先日、縦割りクラスの園外保育で、3年ぶりに梨狩りに行きました。天候が不順ではありましたが、皆の思いが通じたのか、雨にも降られず、実りある収穫体験ができました。踏み台を自ら運び梨をもぐ子、梨が大好きなお母さんにお土産なんだと笑顔を見せる子など、子ども達の主体的な姿が見えました。試食では、友達と一緒だから苦手な梨に挑戦する子もおり、それ以来、梨を食べられるようになったという声も聞きました。梨狩りを再開できたことを、本当に嬉しく思います。
夏休みが明けて子ども達は一段と成長し、夏の思い出を生き生きと話してくれています。話の内容から、充実した日々を送れたことが推測できます。自らの心が動いたからこそ、言葉で喜びを表現できているのでしょう。この、「言葉で表現する」ことを、子どもたちがどんな場面でもできるようになってもらいたいと思っています。

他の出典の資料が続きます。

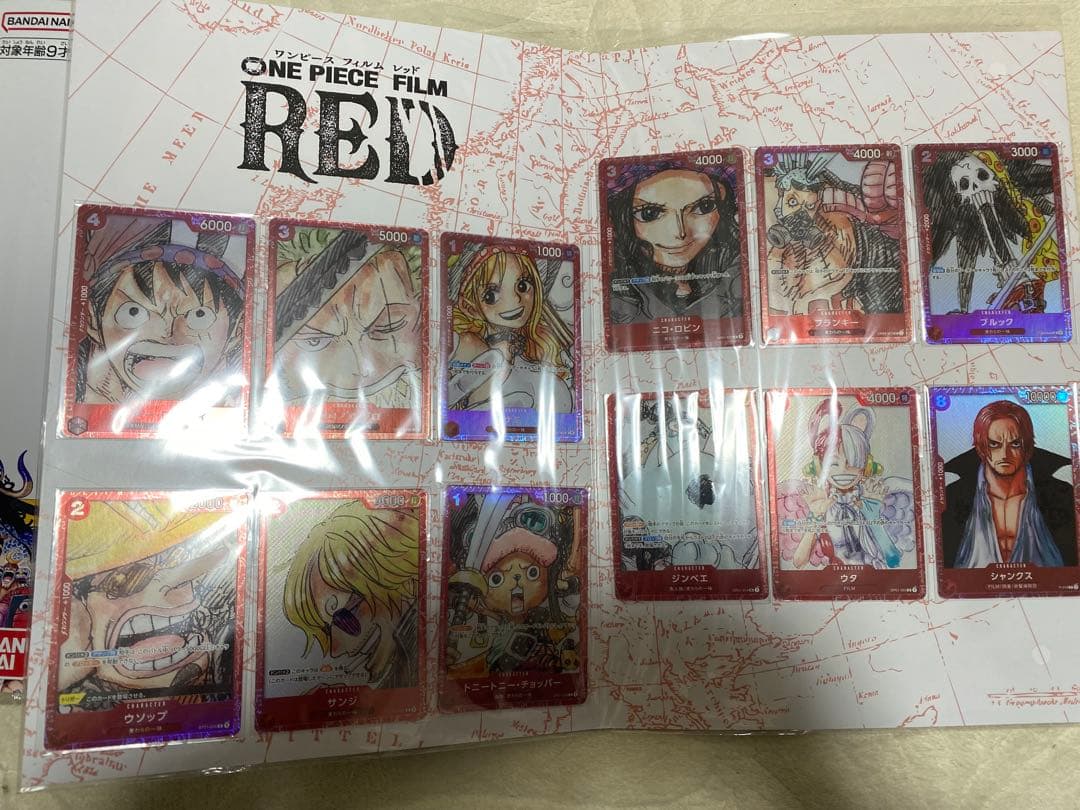 ONE PIECE プレミアムカードコレクション25周年＆RED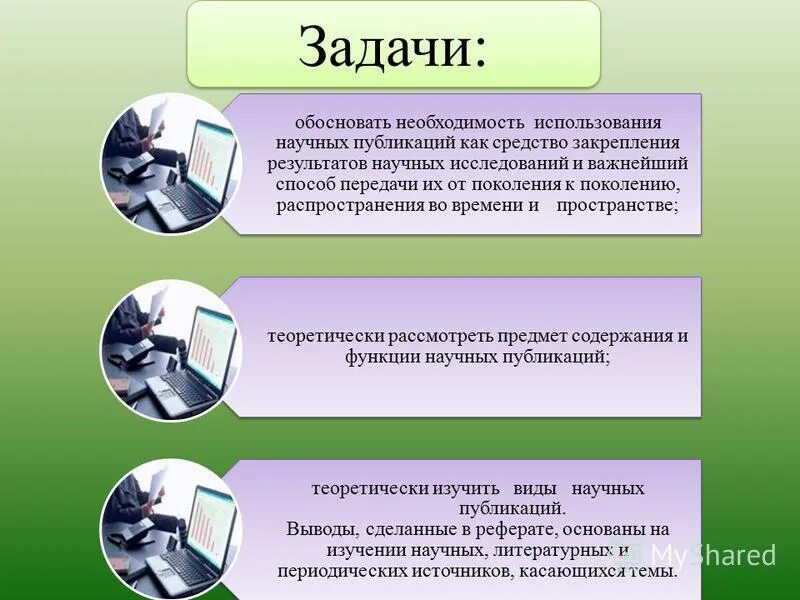 Обоснуйте необходимость применения. Обоснуйте необходимость применения
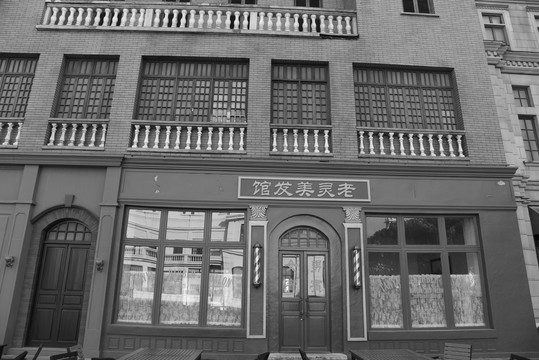 旧上海美发馆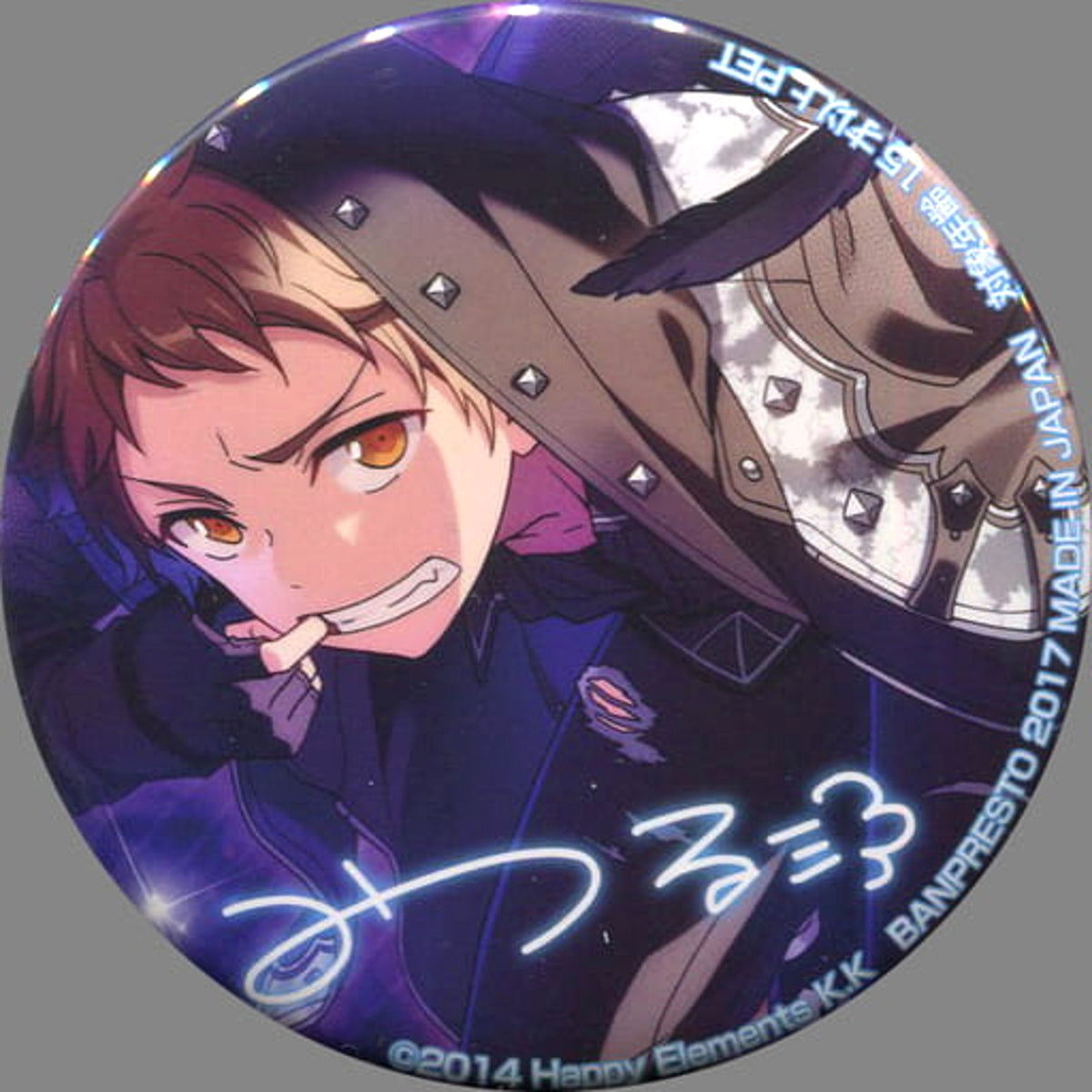 Ensemble Stars! Mitsuru Tenma Variety Can Badge 3rd Vol.2 Buttons [USED]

人間は生まれてから、母親や身近な人の言葉を模倣して、言葉を覚えていきます。幼稚園に入園してからも、模倣から始まり、近くにいる大人に傾聴、代弁してもらう中で、場面に適した言葉を習得していきます。そして日ごろの会話や絵本などを通して、言葉をより豊かに自分のものとしていきます。つまり言葉は、段階を踏んで覚えていきます。そこで大切なのは私たち大人の存在です。子どもは話したい相手がいることで、主体的に話すようになっていきます。5歳位からは、傾聴・代弁の受容的対応に加えて、会話を通して子どもの言葉を引き出すことも意識してあげましょう。そして話しているときに、頷くだけでなく、「何があったの?」「~ちゃんはどんな気分だったの?」「~くんはどうしたいの」と質問してあげると自分の気持ちを言いやすくなります。大人からすると、自己流に聞こえるような会話もあるでしょう。そのような時は、一緒になって気持ちを表現する言葉を考えてあげましょう。一緒に考える時間も対話力向上の良い体験です。身近な信頼のおける大人との会話から、子どもたちは、安心して自己表現できるようになっていくのです。
言葉で思っていることを表現できるようになると、人間関係が豊かになります。会話での意思疎通が容易になりますから、お互い思っていることを話し合いながら遊びを深めていきます。年長児になると、「こっちのほうがいいんじゃない」「こうするともっと面白い」「そのアイデアいいね」など、会話で遊びを発展させられるようになります。時には強い言葉同士でも、お互いに言葉で意思を伝えあっていますから、子どもにとっては遊びが面白く、イメージも共有でき、次々と遊びが発展していきます。また、困ったときに助けも求められますから、日常生活も安心して送ることができるようになります。素直に言葉で気持ちを表現できることが、子どもたちの日常を安定させていくのです。
自由登園、預かり保育の短縮など皆様のご協力のおかげで、新型コロナウイルスの陽性者も落ち着き始めました。ご理解・ご協力に感謝申し上げます。